My time in South Dakota had familiarized me with a very different history of boarding schools. State-run schools existed south of the border too, though the examples I knew were Jesuit-run. These had been opened at the behest of the Lakota chiefs Red Cloud and Spotted Tail. They knew Jesuits to be good educators and wanted their children to learn English and other skills needed to function in a world bewilderingly different from the one they knew. Insisting that English be spoken in the schools—a practice still used in language schools today—did not necessarily imply contempt for Lakota language or culture. In fact, Father Eugene Buechel and others made efforts to preserve the Lakota language, giving it written form and compiling its first dictionary.
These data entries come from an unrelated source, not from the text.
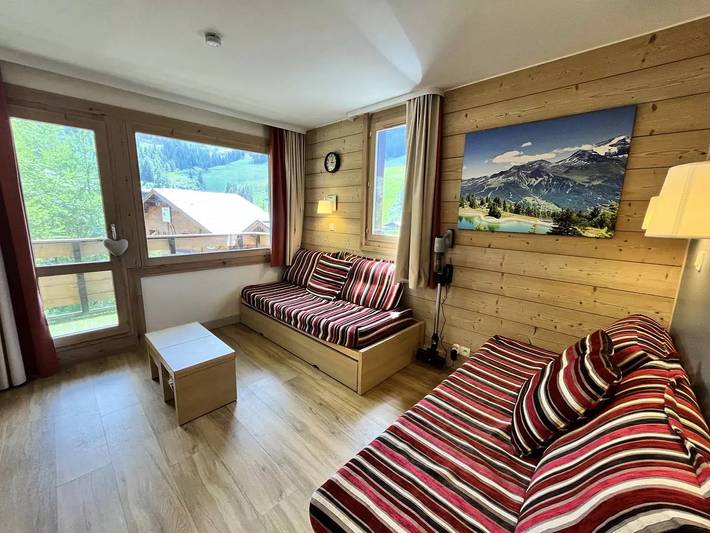 Gîte pour 5 personnes, avec balcon et vue dans Plagne 1800 - 2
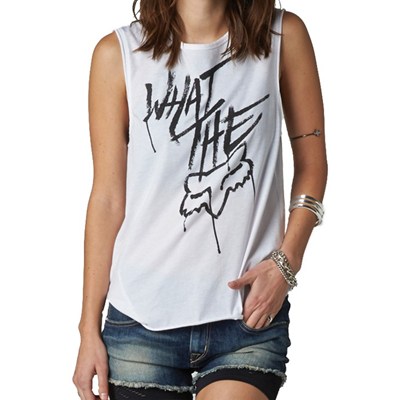Vandal Muscle Tank - White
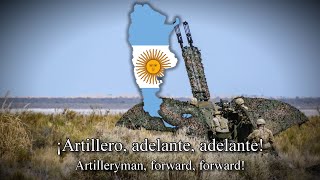 quotArtillero Adelantequot Argentine Patriotic March English  Spanish Lyrics [upl. by Cort]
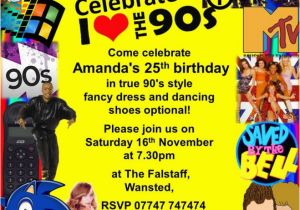 90s Birthday Invitation Templates 90s themed Party Best Ideas Home Party theme Ideas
Not all of the effects of boarding schools were good—being away from parents is inevitably hard on children and may have contributed to family breakdown—but blanket charges of cultural annihilation are inaccurate and unjust. One alumna of Holy Rosary Mission remembers the school as a refuge where kids felt safe because, as she puts it, home life was “chaotic.” Unfortunately, I have frequently found that alumni with positive experiences of the schools are too intimidated by critics to speak openly.
The papal trip to Canada, however, was prompted by a horrific set of allegations. In May 2021, the New York Times ran a headline announcing the discovery of a “Mass Graves of Indigenous Children.” Repeating the claims, Trudeau said they demonstrated the need to “transform all of Canada and all Canadians.” A papal apology was not enough, Trudeau declared; only a papal apology on Canadian soil would do. A photo of Trudeau holding a teddy bear while kneeling at one of the gravesites captured the whole story in one iconic image.
But the prime minister’s photo-op was not staged at a mass grave. It was at a church cemetery. Other parts of the story also turned out to be misleading or false. After a year of investigation, Terry Glavin, a journalist based in Toronto, reported that “not a single mass grave was discovered in Canada last year.” Glavin, who has spent his career investigating Canada’s residential schools, can by no means be accused of covering up abuses. “Things were bad enough,” he told the American writer Bari Weiss in an interview. “You don’t have to make things up.”
So was the pope apologizing for what happened or what didn’t? His words in Canada necessarily remained rather generic—“many Christians supported the colonizing mentality.” He included a call for further investigation. But the fact that the allegations that provoked the trip turned out to be false should make us uncomfortable. Shouldn’t investigations come before attributions of guilt? Do apologies have to be accurate in order for them to work? Do the specifics matter at all? More memorable than any of the trip’s speeches was probably the image of an elderly pontiff praying alone in a wheelchair on the shore of a Canadian lake. Perhaps the Holy Father’s presence was what was most important. Still, he had to say something, and by now there seems to be a script for such events. But that is what troubles me—the script we are all reading from seems flawed.
Most confessors have had the frustrating experience of penitents who arrive in the confessional and proceed to give a detailed list of faults—but not of their own sins. They enumerate the faults of their mother-in-law, spouse, boss, or bishop. For a priest, it is a tricky situation; such folks often need to get something off their chest and are desperate for a willing listener. But cataloguing other people’s sins is not exactly the sacrament’s purpose. Occasionally one starts to feel sorry for the absent mother-in-law.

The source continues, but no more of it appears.